[erlang-questions] Re: Conceptual questions on key-value databases for RDBMs users

Tue Nov 9 17:01:08 CET 2010

Another observation...

I think a lot of it has to do with conceptual difference between SQL-RDBMS  
and NoSQL/kv-db/free-structure in terms of how both camps view the *role*  
of the database.

I've found that SQL-RDMBSs tend to think of the database as central to the  
design+development of an application. So naturally things must follow the  
db. My issue with this is that as an app developer, I found myself always  
begging and pleading with the database. The conversation would go  
something like...

Me: "Please, please store this data for me so I can query it later."

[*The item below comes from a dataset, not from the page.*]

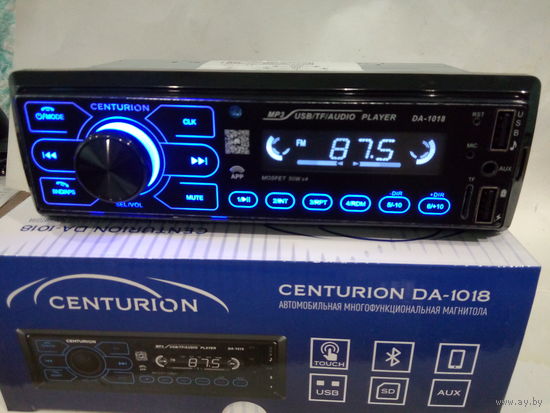 USB-магнитола Centurion DA-1018 Bluetooth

DB: "Not so fast. First, split that into three tables. Add a constraint  
here, foreign key there. Replace that with a type I can understand then  
I'll see what I can do. BTW, you'll have to have another conversation with  
my bro, the SQL query engine later. Go on... Off you go!"

The other camp seems to view the database role as more of a supplementary  
one in the design+development of an application. A helper. A tool. The  
conversation for me has gone more like...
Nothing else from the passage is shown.